Las fotos de Tunick son ya decorado habitual de nuestra prensa. No quiero valorarlas. Al fin y al cabo arte es todo lo que hace el artista, y éste lo es por gracia de su divinidad. Nada de mamá quiero ser artista, sino, mamá lo soy. De todos modos, en esas fotos percibo extraños amaneceres escatológicos, lo que las sitúa, en efecto, entre un primitivismo virginal y Auschwitz. Entre el hombre nuevo anterior a toda civilización que despierta en medio de ésta como si le fuera ajena, y el hombre nuevo posterior a toda civilización y fruto contrariado de ella. Algo así como unas piedras de Deucalión milenaristas. No está mal, pero la repetición aburre, y cuando tiende a batir récords numéricos, el hombre primigenio acaba perdido en una piara de cerditos.

En definitivas cuentas, y más desde que el chimpancé ha sido incluido entre los homínidos, todos somos animales. ¿O somos todos putas? Bien, no he leído el famoso Todas putas, por lo que nada puedo decir de él. Pero lo de menos en este caso es el libro mismo, y también yo quiero dar mi opinión sobre el escándalo que ha suscitado. Lo que se ha denunciado es que el libro haya sido editado por la actual directora del Instituto de la Mujer, no tanto el libro en sí, que encierra creo alguna apología de la violación. ¿Puede alguien que detenta ese cargo editar un libro de esa naturaleza, cuyo contenido puede ser ofensivo para la sensibilidad femenina? Confieso que no tengo clara la respuesta, aunque quizá la persona en cuestión demostró tener escaso tacto político. Ahora bien, si todo libro es inocente, y por lo tanto también lo es quien decide editarlo, no veo qué diferencia puede haber entre editar Todas putas o Blancanieves y los siete enanitos, sea cual sea el cargo que además ocupe el editor de turno.

Sin embargo, lo que tampoco tengo nada claro es que todo libro sea inocente, y yo casi desearía que no lo fuera ninguno.
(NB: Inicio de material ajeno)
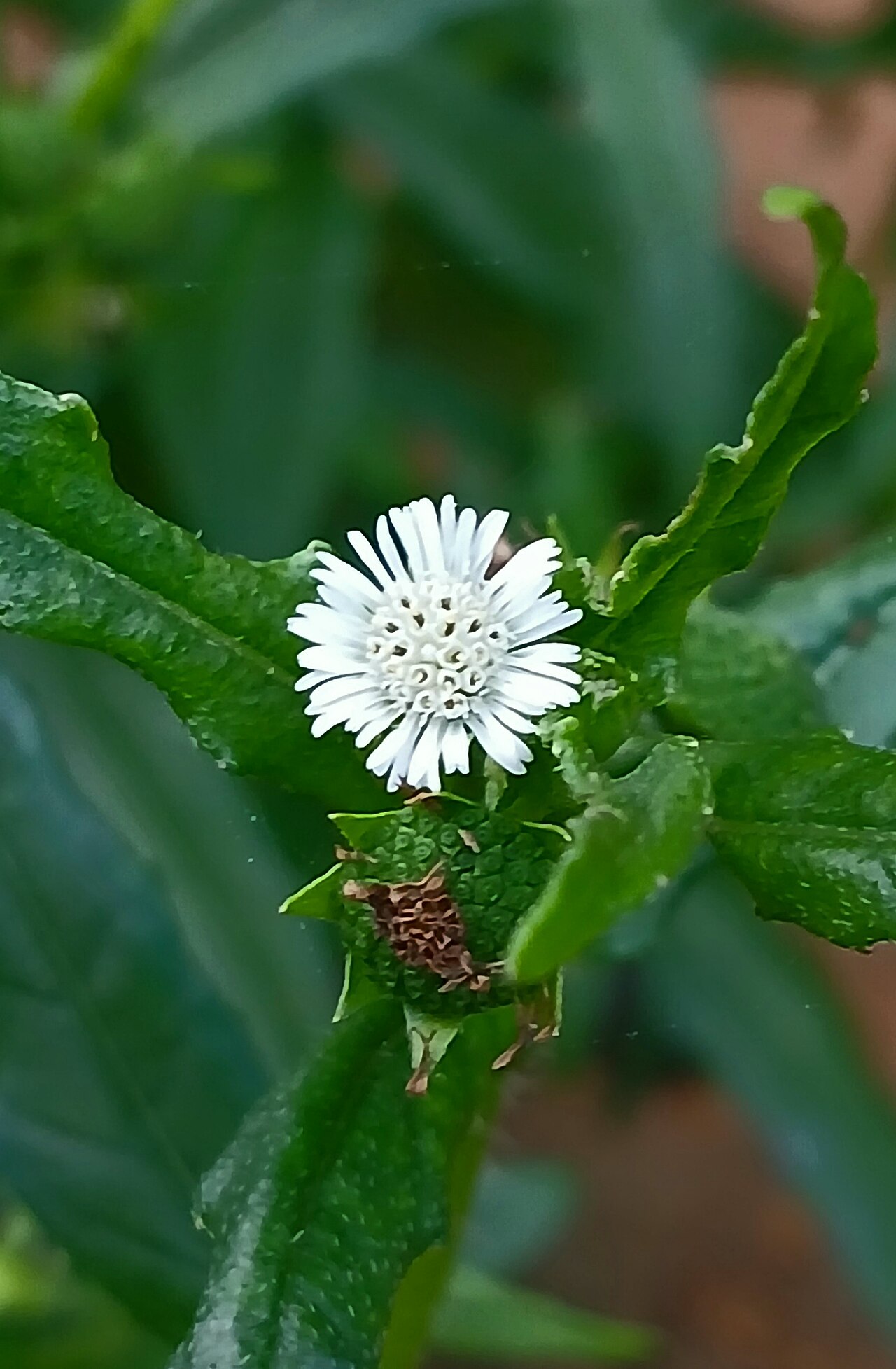 False daisy — Eclipta prostrata, used in Haitian and Caribbean herbal tradition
Ya nuestro padre fundador don Quijote fue un producto de los malos efectos que podían causar ciertos libros. Y ese recelo hacia la nula inocencia de los libros ha existido siempre. Los hubo ya hacia la escritura misma, como nos prueba el mito egipcio de Toth. Quiero creer que todos los libros producen efectos, a veces buenos y a veces malos. Un mismo libro los puede producir de ambos tipos, depende del lector en cuyas manos caiga. Pero ese es un efecto individual e imprevisible, y no creo que los efectos sociales de los libros sean tampoco previsibles, ni mensurables. ¿Puede ser alguien culpable por editar algo cuyos efectos son imprevisibles, es decir, algo que pone en juego nuestro concepto mismo de libertad? Los que sí eran previsibles eran los efectos políticos, aunque eso es ya otra cosa. Sin embargo, un cargo es un cargo es un cargo...

¿Habría salido esa señora tan de perlitas en caso de que hubiera editado un libro que fuera una apología del terrorismo?, se han preguntado algunos. Indudablemente no, con cargo o sin él, y seguramente nadie hubiera hablado de censura ni se hubiera rasgado las vestiduras si se hubiera visto obligada a retirar el libro. Nos habríamos olvidado de que un libro es un libro es un libro y nos hubiéramos quedado sólo con sus efectos políticos. ¿Habríamos tenido agallas para oponernos al discurso dominante? Mucho me temo que no, visto lo solo ante el peligro que quedó Unai Iturriaga ante determinadas acusaciones. Aún lo temo más tras comprobar cómo se las gasta el discurso dominante, capaz de suscitar el arrepentimiento súbito de su social-comunismo de dos diputados socialistas madrileños. ¿Se les apareció la virgen de Lourdes? No. Eso sí que es puterío.